#### What is being asked
Begin at the line containing "Loc-line phone/camera mount" in the records below, end at the line containing "Trọng Sinh Bá", and retype each line in that span exactly. No other line and no image should appear.

#### Data shown
↓↓↓
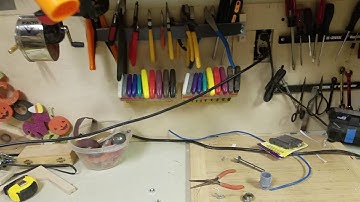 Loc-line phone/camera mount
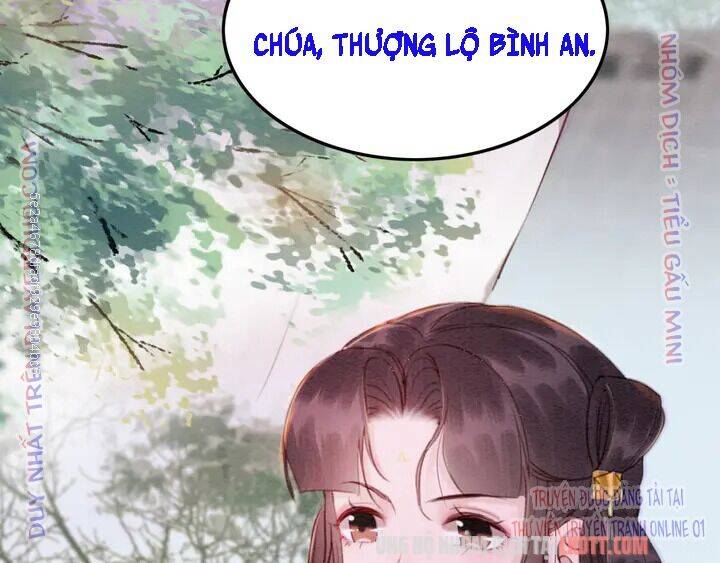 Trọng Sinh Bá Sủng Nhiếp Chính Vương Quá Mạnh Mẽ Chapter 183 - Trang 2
↑↑↑
↓↓↓
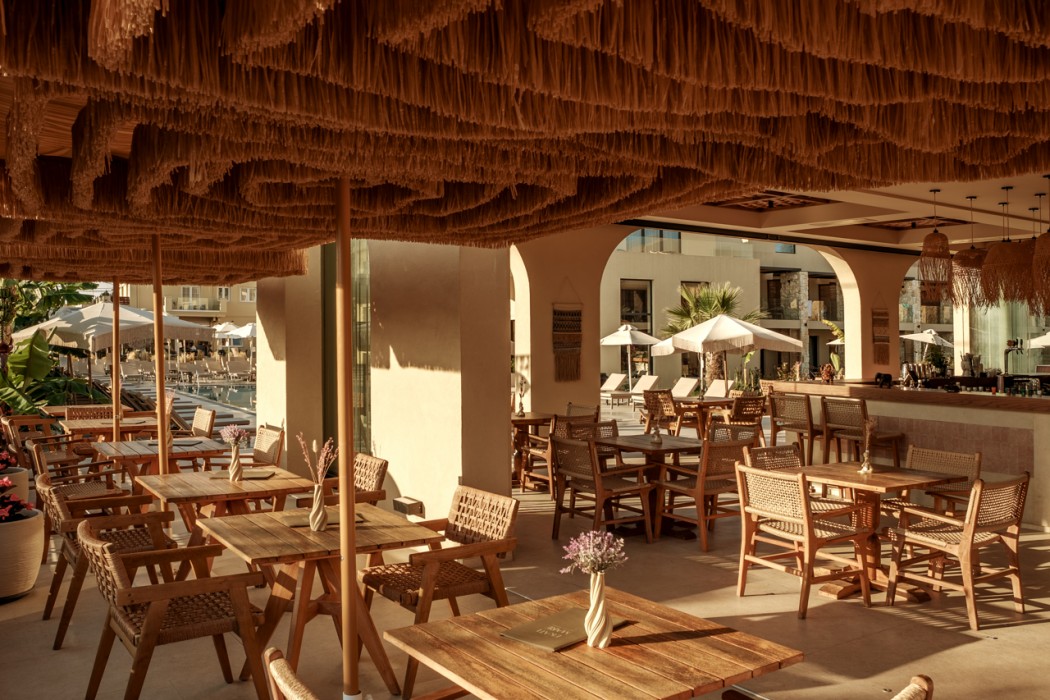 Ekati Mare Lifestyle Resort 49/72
↑↑↑
↓↓↓
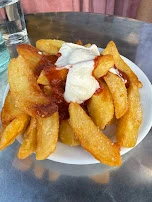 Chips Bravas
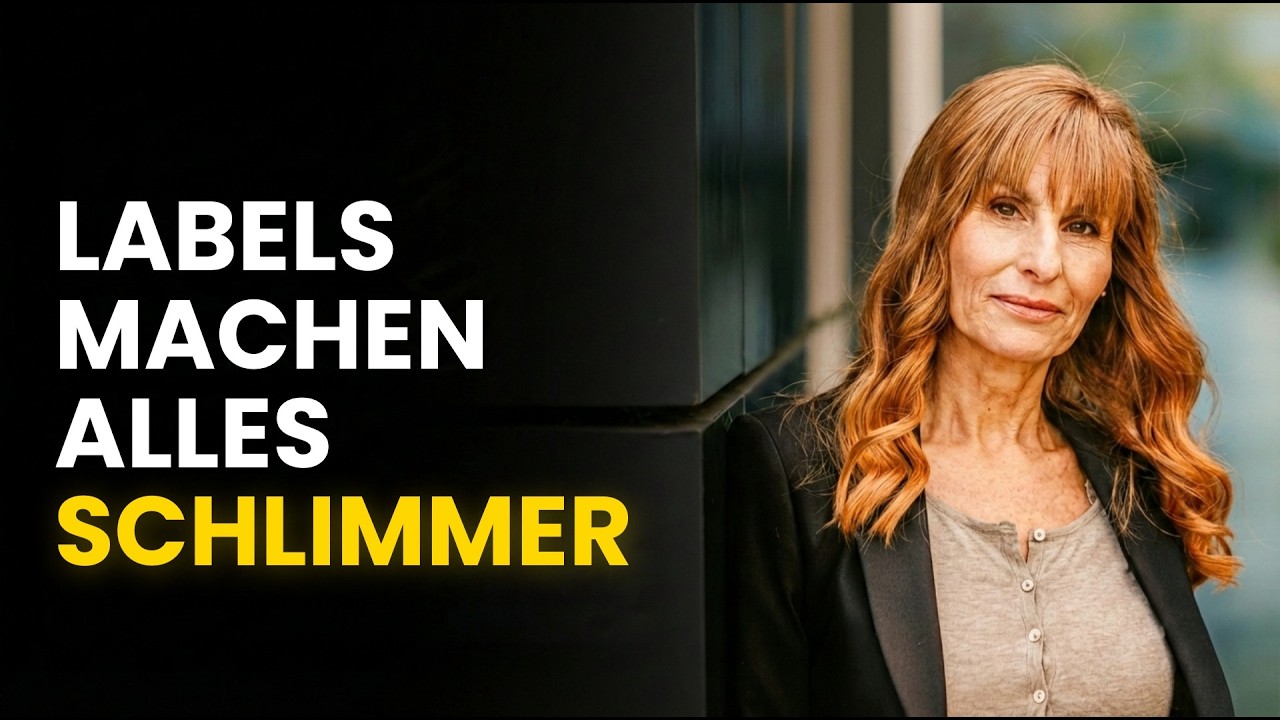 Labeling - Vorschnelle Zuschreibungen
↑↑↑
#### Result of this exercise
 Loc-line phone/camera mount
 Trọng Sinh Bá Sủng Nhiếp Chính Vương Quá Mạnh Mẽ Chapter 183 - Trang 2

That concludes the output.